▶ **HOW TO COMPLETE THIS TASK**: Output the entries below exactly, from the first line to the line holding "Bunta House, Phuket Island", both included.

Short text fragments from websites
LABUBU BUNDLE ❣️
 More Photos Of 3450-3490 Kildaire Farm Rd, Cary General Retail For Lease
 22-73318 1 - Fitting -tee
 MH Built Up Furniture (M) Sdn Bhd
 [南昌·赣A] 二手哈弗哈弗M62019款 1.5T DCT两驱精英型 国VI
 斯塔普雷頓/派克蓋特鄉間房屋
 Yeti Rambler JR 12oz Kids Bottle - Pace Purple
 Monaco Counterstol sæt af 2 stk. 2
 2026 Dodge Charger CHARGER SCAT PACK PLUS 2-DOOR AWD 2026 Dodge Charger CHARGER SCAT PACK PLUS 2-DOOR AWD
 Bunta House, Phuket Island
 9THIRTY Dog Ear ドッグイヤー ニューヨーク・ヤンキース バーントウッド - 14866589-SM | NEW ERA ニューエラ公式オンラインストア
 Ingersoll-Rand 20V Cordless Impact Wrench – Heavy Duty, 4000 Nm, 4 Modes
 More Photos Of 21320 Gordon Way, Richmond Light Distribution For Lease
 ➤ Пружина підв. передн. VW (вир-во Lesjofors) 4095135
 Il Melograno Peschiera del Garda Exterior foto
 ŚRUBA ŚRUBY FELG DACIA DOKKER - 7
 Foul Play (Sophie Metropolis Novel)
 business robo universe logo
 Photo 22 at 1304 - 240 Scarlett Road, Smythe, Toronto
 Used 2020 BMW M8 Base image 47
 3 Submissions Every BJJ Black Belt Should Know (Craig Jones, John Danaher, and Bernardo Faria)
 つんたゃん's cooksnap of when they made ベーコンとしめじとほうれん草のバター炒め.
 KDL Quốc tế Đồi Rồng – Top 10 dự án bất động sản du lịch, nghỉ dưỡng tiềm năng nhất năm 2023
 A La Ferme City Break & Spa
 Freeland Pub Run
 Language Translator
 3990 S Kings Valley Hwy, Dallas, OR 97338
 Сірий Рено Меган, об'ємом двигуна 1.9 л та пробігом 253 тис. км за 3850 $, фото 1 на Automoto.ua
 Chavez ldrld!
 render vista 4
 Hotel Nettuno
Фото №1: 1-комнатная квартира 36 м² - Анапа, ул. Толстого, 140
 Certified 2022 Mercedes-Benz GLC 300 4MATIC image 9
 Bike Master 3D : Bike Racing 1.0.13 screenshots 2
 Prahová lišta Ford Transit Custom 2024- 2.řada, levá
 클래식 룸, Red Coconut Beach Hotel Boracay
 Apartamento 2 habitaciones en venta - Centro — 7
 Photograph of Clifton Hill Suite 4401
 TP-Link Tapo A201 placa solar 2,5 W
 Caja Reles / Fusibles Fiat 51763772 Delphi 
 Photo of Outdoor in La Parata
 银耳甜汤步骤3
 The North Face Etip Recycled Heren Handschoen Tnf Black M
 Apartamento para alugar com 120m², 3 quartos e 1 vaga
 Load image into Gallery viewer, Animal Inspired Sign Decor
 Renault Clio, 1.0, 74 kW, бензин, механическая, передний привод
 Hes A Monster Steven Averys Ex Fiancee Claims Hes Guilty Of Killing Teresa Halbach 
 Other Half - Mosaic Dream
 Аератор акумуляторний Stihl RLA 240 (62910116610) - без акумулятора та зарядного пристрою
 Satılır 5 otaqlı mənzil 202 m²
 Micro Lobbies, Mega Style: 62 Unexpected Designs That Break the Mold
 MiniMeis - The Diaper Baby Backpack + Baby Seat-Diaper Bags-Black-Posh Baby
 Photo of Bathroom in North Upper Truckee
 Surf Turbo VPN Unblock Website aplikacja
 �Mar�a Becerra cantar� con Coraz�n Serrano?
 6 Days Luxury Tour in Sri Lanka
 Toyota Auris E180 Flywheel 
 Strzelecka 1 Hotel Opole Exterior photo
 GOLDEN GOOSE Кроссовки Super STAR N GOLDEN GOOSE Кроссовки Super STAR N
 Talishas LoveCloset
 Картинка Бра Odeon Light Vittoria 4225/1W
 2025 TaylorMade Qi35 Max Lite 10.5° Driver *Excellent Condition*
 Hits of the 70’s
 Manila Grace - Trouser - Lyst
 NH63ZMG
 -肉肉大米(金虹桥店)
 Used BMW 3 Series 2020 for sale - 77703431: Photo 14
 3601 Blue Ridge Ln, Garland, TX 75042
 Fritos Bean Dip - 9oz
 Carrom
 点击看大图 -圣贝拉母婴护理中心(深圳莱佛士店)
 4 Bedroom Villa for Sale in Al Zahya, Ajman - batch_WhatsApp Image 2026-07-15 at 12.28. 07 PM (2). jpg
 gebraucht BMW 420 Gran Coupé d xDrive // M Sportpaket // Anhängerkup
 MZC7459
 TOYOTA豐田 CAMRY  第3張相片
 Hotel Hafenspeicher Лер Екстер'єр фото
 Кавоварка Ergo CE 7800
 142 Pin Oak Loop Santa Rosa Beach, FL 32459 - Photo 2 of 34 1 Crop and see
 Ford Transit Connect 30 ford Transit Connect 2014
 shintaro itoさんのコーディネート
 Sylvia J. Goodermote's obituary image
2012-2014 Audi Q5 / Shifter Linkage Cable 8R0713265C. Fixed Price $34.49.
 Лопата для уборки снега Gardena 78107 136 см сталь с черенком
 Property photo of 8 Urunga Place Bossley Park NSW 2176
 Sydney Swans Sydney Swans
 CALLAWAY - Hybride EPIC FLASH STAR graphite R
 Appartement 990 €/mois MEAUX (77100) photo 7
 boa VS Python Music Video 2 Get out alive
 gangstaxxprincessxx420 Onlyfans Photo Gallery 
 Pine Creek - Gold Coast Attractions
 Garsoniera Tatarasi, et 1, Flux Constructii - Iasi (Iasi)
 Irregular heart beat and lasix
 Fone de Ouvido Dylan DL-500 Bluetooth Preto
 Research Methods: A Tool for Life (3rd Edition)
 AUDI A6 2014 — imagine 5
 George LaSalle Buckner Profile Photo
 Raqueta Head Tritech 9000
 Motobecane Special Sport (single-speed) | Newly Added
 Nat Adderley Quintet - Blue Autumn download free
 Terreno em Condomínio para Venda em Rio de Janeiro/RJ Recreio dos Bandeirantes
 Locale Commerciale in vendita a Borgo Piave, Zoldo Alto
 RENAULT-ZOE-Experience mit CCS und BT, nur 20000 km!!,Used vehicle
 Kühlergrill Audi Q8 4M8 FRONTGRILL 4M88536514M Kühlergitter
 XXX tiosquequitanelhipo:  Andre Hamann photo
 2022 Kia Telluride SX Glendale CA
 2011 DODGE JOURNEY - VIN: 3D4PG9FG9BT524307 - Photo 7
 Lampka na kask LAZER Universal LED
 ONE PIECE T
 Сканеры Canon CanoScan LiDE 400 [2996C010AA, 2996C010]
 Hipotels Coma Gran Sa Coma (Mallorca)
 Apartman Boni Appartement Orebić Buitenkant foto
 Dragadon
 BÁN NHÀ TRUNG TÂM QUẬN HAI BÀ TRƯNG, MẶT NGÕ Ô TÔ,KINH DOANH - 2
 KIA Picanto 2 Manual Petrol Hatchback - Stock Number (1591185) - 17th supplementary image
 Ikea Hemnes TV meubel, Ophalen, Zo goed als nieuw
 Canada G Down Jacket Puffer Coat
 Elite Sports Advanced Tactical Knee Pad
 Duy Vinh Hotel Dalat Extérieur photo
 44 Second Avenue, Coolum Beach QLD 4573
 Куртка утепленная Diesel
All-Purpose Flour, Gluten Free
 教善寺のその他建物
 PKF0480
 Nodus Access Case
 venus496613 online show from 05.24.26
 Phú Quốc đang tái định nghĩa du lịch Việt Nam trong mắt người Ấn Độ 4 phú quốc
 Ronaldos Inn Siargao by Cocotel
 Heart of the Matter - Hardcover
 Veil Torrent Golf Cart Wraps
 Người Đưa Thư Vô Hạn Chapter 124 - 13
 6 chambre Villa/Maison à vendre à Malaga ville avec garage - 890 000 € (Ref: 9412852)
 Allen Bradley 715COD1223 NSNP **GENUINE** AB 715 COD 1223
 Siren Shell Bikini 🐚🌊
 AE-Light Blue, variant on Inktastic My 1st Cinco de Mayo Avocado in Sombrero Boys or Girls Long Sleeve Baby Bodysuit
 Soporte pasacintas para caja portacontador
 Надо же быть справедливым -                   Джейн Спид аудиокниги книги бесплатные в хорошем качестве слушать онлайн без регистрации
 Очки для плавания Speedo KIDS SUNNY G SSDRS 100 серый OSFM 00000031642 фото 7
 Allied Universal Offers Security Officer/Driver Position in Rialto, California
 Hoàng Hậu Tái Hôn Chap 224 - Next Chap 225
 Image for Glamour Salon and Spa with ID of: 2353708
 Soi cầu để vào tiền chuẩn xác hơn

▶ **THE COMPLETED TASK**:
LABUBU BUNDLE ❣️
 More Photos Of 3450-3490 Kildaire Farm Rd, Cary General Retail For Lease
 22-73318 1 - Fitting -tee
 MH Built Up Furniture (M) Sdn Bhd
 [南昌·赣A] 二手哈弗哈弗M62019款 1.5T DCT两驱精英型 国VI
 斯塔普雷頓/派克蓋特鄉間房屋
 Yeti Rambler JR 12oz Kids Bottle - Pace Purple
 Monaco Counterstol sæt af 2 stk. 2
 2026 Dodge Charger CHARGER SCAT PACK PLUS 2-DOOR AWD 2026 Dodge Charger CHARGER SCAT PACK PLUS 2-DOOR AWD
 Bunta House, Phuket Island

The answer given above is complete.